Aim of the task: Line by line, repeat the data below exactly, beginning at the first line and ending at the line with "Muselière pour chien Arka Haok Rouge - Publicité Muselière". Omit pictures.

━━━━

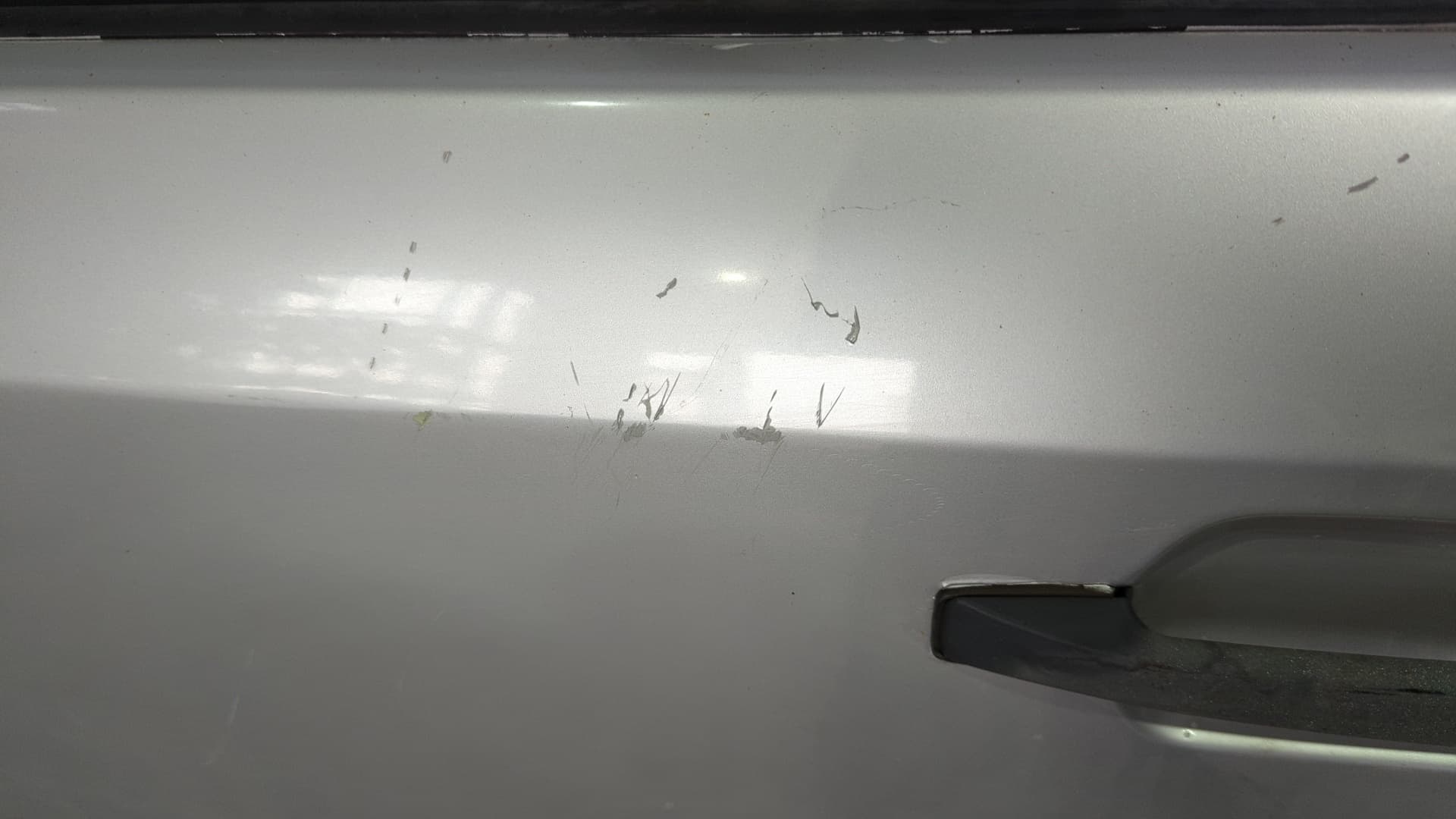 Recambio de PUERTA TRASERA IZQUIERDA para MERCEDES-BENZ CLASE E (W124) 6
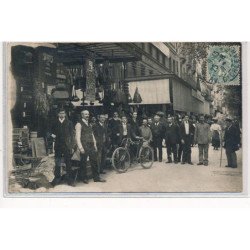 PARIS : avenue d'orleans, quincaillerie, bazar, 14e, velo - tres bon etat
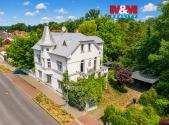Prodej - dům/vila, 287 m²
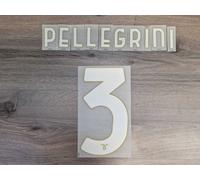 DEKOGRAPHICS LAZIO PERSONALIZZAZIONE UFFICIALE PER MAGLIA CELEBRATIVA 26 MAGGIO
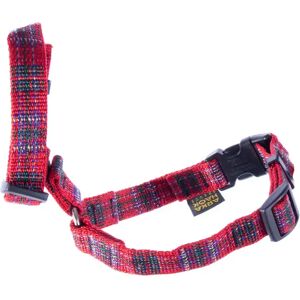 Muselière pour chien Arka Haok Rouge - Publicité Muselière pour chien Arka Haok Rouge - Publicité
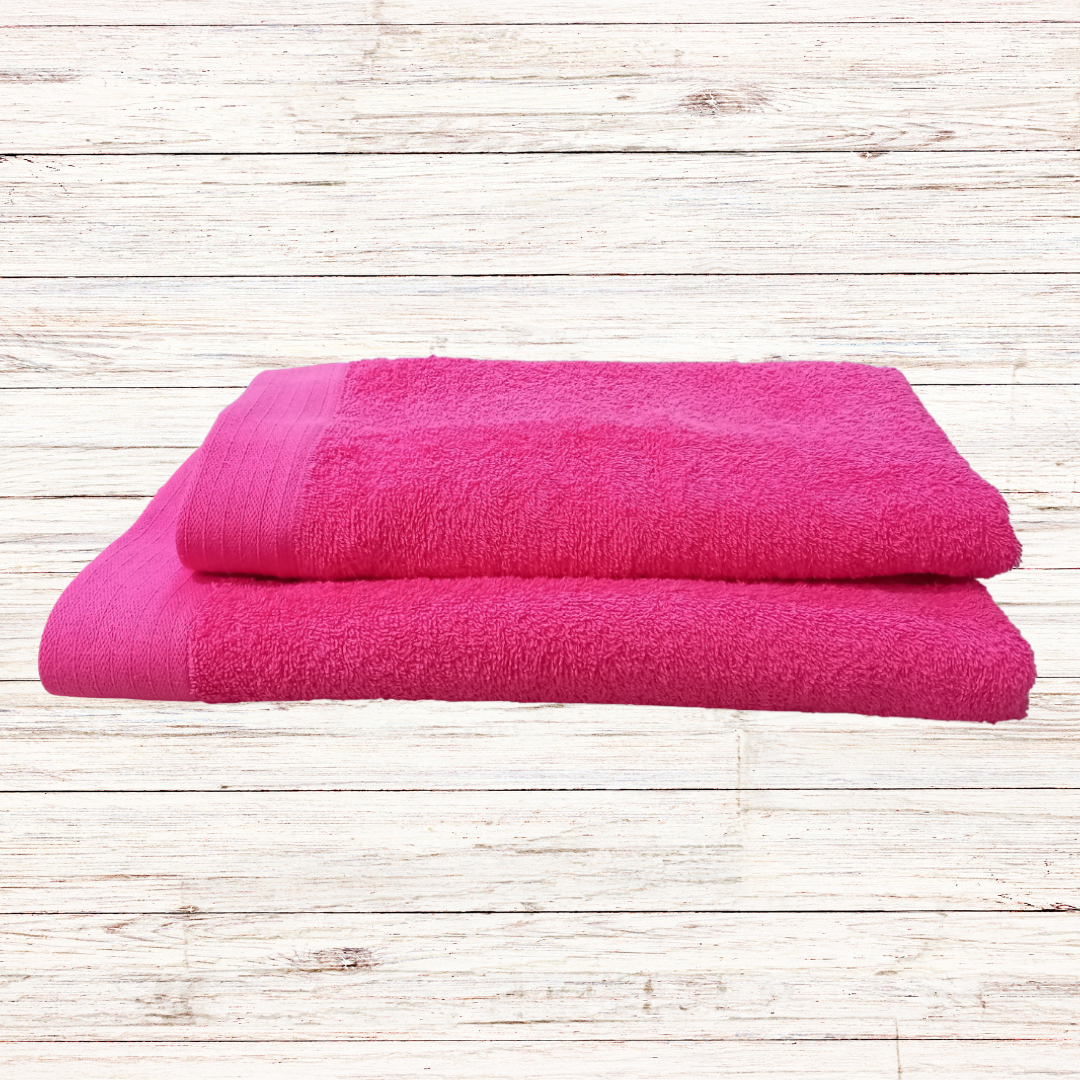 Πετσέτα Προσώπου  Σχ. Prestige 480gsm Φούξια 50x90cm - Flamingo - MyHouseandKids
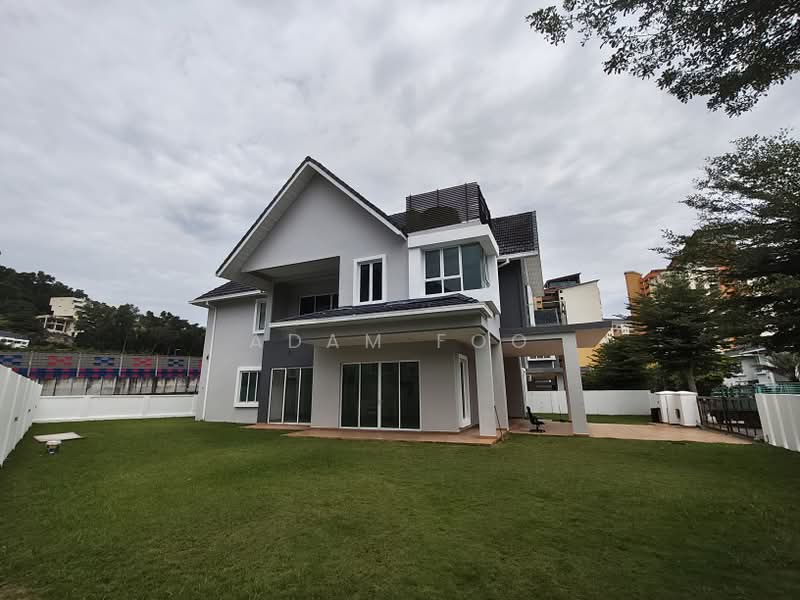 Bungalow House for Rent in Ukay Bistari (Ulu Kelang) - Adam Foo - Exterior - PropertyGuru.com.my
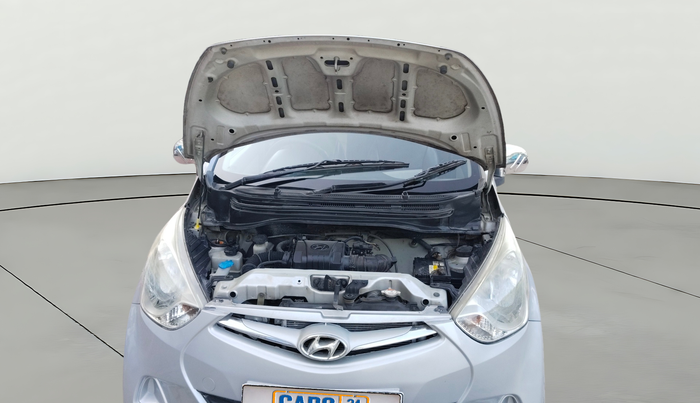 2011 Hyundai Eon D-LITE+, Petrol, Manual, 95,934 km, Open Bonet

━━━━

Expected output:
 Recambio de PUERTA TRASERA IZQUIERDA para MERCEDES-BENZ CLASE E (W124) 6
 PARIS : avenue d'orleans, quincaillerie, bazar, 14e, velo - tres bon etat
Prodej - dům/vila, 287 m²
 DEKOGRAPHICS LAZIO PERSONALIZZAZIONE UFFICIALE PER MAGLIA CELEBRATIVA 26 MAGGIO
 Muselière pour chien Arka Haok Rouge - Publicité Muselière pour chien Arka Haok Rouge - Publicité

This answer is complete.